Es importante entender que el sector se enfrenta a una situación muy delicada de desequilibrio entre lo producido y lo consumido. Que esta brecha está llamada a hacerse más grande en los próximos años, con la entrada en producción de nuevas y viejas hectáreas reestructuradas, con rendimientos que triplican, en el mejor de los casos, los históricos. A toda esa producción, que bien podría situarnos en niveles medios de cosecha por encima de los cincuenta y cinco millones y medio de hectolitros, con apenas poco más de diez de consumo, habrá que encontrarle acomodo. Y hacerlo en un entorno donde importantes países en los que hasta ahora el cultivo vitícola suponía una superficie anecdótica y a los que mirábamos con gran interés como mercados destino interesantes en los que colocar una parte de esa producción que no nos queda otra que exportar; países como Rusia o China; parecen haber tomado conciencia de sus posibilidades apostando por la viticultura y la elaboración. Producción que en un mercado globalizado, donde el consumo se mantiene estabilizado o con una ligerísima tendencia positiva, nos podría poner las cosas muy difíciles para un segmento muy importante de nuestras exportaciones, especialmente aquellas donde el precio es, prácticamente, el único factor diferenciador.
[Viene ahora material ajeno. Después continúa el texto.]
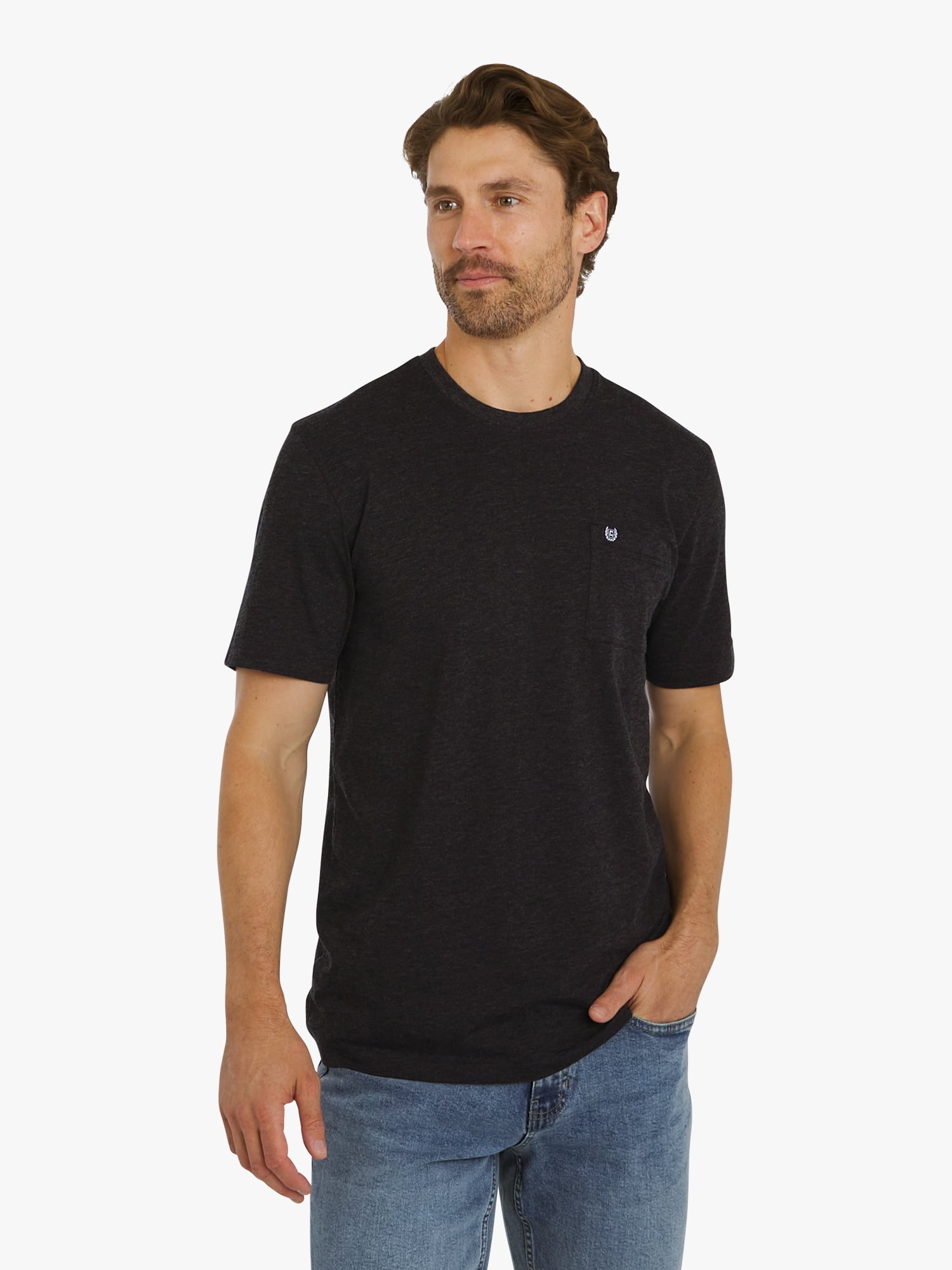 Chaps Men's and Big Men's Seacoast Wash Slub Pocket T-Shirt, Sizes S-3XL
Contar con organizaciones que recauden pero que, también, gestionen adecuadamente esos recursos puede ser la única alternativa que nos quede como sector para alcanzar ese cambio que debe producirse en nuestra comercialización y mix de producto.
Sin adelantarnos a lo que vaya a suceder, parece que será irremediable que los mercados cambien en un periodo breve de tiempo, los canales de comercialización pondrán en valor aquellas herramientas que los hacen universales, los consumidores como individuos adquirirán más notoriedad y requerirán mayor protagonismo. Las producciones solo podrán orientarse atendiendo a criterios de eficiencia, bien por gran competitividad en los costes de producción que permitan ofrecer precios muy interesantes, bien por hechos diferenciadores que granjeen la atención de los consumidores.
Pretender afrontar esta revolución a la que nos enfrentamos desde un sector tradicional, altamente resistente a los cambios, con fuertes raíces en el origen y una profesionalización y estructura empresarial con escasos recursos, de manera individual; se asemeja bastante a lo que sería un suicidio colectivo, en el que solo los líderes salen airosos a costa de la gran masa que fenece anónimamente.
De la misma manera que necesitamos de grandes viticultores que pongan en valor la producción de uva dotándola de la rentabilidad necesaria que haga del cultivo de la viña una actividad empresarial. De bodegas capaces de realizar aquellas acciones comerciales con las que llegar a los consumidores con sus vinos y darles a conocer aquellos valores que los diferencian y engrandecen. Necesitamos de organizaciones con fuerza (recursos), locomotoras que marquen el camino por el que ir y permitan desarrollar a los consejos reguladores, bodegas y viticultores aquellas estrategias individualizadas acopladas a un mensaje y objetivo común en las que aprovechar sinergias.
El lado malo de esto es que hay que pagarlo. Y ya se sabe que cuando esto sucede, como con los impuestos, nunca llueve a gusto de todos y cada uno recaudaría y gastaría con una receta diferente. Pero, de momento, la que tenemos y debemos apoyar, es esta.